Autor(en) / Beteiligte

• Milanesi, Laura Hautrive
• Rossato, Domenika Rubert
• Oliveira da Rosa, Jéssica Leandra
• D'avila, Lívia Ferraz
• Metz, Vinicia Garzella
• Wolf, Jéssica Fernanda
• Reis, Vanessa B.
• de Andrade, Diego F.
• Jank, Louise
• Beck, Ruy C.R.
• da Silva, Cristiane de B.
• Burger, Marilise E.

Titel

Topiramate-chitosan nanoparticles prevent morphine reinstatement with no memory impairment: Dopaminergic and glutamatergic molecular aspects in rats

Ist Teil von

• Neurochemistry international, 2021-11, Vol.150, p.105157-105157, Article 105157

Ort / Verlag

England: Elsevier Ltd

Erscheinungsjahr

2021

Quelle

MEDLINE

Beschreibungen/Notizen

• Besides their clinical application, chronic misuse of opioids has often been associated to drug addiction due to their addictive properties, underlying neuroadaptations of AMPA glutamate-receptor-dependent synaptic plasticity. Topiramate (TPM), an AMPAR antagonist, has been used to treat psychostimulants addiction, despite its harmful effects on memory. This study aimed to evaluate the effects of a novel topiramate nanosystem on molecular changes related to morphine reinstatement. Rats were previously exposed to morphine in conditioned place preference (CPP) paradigm and treated with topiramate-chitosan nanoparticles (TPM–CS–NP) or non-encapsulated topiramate in solution (S-TPM) during CPP extinction; following memory performance evaluation, they were re-exposed to morphine reinstatement. While morphine-CPP extinction was comparable among all experimental groups, TPM–CS–NP treatment prevented morphine reinstatement, preserving memory performance, which was impaired by both morphine-conditioning and S-TPM treatment.
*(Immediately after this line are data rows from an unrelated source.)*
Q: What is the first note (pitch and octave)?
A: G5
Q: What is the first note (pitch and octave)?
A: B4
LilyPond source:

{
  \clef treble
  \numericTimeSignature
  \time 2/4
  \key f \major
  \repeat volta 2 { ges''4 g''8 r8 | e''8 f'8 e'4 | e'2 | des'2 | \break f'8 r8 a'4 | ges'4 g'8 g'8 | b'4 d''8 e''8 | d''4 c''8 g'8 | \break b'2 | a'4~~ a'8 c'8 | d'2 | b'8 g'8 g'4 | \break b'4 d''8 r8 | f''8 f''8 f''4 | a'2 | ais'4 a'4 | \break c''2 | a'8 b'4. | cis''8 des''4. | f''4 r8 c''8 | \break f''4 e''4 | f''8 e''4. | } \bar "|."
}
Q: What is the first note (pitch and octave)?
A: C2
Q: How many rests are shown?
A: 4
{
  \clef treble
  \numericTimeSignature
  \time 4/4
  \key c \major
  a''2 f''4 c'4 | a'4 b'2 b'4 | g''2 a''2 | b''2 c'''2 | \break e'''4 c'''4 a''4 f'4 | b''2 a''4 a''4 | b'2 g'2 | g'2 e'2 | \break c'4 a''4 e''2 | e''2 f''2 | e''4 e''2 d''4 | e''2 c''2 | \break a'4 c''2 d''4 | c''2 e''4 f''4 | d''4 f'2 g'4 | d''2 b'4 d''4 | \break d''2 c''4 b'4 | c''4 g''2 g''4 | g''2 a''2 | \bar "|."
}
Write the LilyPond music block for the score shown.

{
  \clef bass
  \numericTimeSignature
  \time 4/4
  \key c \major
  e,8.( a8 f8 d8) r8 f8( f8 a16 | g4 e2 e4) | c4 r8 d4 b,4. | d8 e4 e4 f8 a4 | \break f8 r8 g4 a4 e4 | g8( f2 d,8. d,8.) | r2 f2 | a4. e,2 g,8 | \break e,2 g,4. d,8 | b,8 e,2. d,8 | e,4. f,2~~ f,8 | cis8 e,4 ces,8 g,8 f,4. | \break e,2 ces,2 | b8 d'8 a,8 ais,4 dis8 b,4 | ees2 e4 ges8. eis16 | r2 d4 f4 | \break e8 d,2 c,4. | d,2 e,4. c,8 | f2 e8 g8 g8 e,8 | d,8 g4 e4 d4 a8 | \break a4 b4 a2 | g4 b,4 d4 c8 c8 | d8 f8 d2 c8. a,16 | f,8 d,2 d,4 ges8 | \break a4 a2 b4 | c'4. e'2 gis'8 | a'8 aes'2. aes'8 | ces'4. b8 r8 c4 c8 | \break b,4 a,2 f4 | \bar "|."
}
In the NAc, morphine increased D1R, D2R, D3R, DAT, GluA1 and MOR immunoreactivity. It also increased D1R, DAT, GluA1 and MOR in the dorsal hippocampus. TPM–CS–NP treatment decreased D1R, D3R and GluA1 and increased DAT in the NAc, decreasing GluA1 and increasing D2 and DAT in the dorsal hippocampus. Taken together, we may infer that TPM–CS–NP treatment was able to prevent the morphine reinstatement without memory impairment. Therefore, TPM–CS–NP may be considered an innovative therapeutic tool due to its property to prevent opioid reinstatement because it acts modifying both dopaminergic and glutamatergic neurotransmission, which are commonly related to morphine addiction. •Topiramate chitosan nanoparticles (TPM–CS–NP) prevent morphine reinstatement.•Nanoencapsulation decreases memory impairment related to topiramate treatment.•Morphine exposure upregulates D1-and D2-R in NAC and GluA1 in NAc and hippocampus.•TPM–CS–NP modulates both dopaminergic and glutamatergic neurotransmission.